Standardized survey design:
• The same standard survey questionnaire is used with all the people interviewed in all crises studied, and the results are analyzed using the same methods. This means that the results from survey in one crisis are compatible and comparable with other crises. The standard interview questions are supplemented with open-ended questions and interviews with other key actors, which helps to validate the consistency of responses. The survey is also administered in the working language used in the crisis response, which also avoids language bias and possible misinterpretations of the questions.
• The field survey deliberately targets representatives of all the different humanitarian organizations engaged in the response (UN, Red Cross Red Crescent, NGOs) and responses are only gathered from those with a working relationship with their funders and donors. This ensures that responses are based on the person’s actual knowledge of the donor’s practices, not conjecture or unfounded information. The high number of organizations interviewed in each crisis context (up to 90% of the organizations engaged in the response)allows for a more complete picture of perceptions of how donors are performing
High survey response rate:
• The very high number of responses (nearly 2000 this year) meets and exceeds the number required to conduct adequate statistical analysis of the data. This also means the results are more likely to represent the actual range of views of the majority of respondents than the opinions of just a few individuals.

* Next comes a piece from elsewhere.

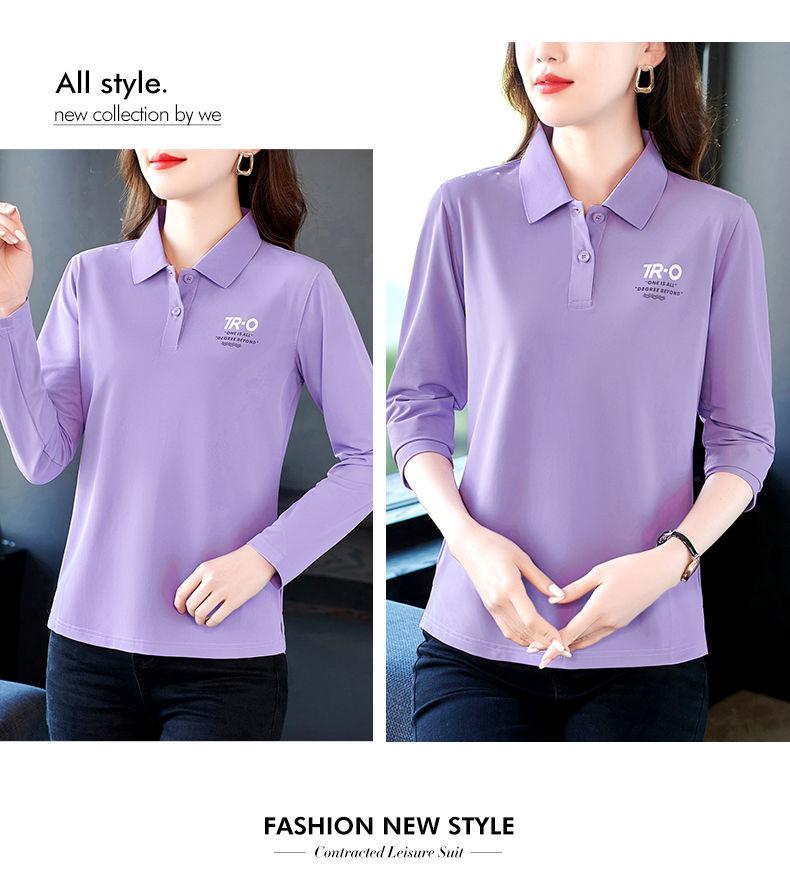Product Introduction of Trendy Middle-aged Mom's Long Sleeve Casual Top 6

Application of standard statistical analysis:
• The entire set of data (both quantitative and qualitative) is analysed using standard statistical methods common in academic research, such as variance, multivariate analysis, etc. This means the HRI data for each indicator is tested and reviewed before generating the final results and scores. This provides a level of assurance that the results are based on accurate and reliable information, and accordingly, the HRI is able to draw valid conclusions about how well donors are performing individually and collectively with respect to the GHD principles.
• The HRI process and results are shared with a Peer Review Committee and other stakeholders to ensure that the findings are based on objective analysis and interpretation of the data and indicators.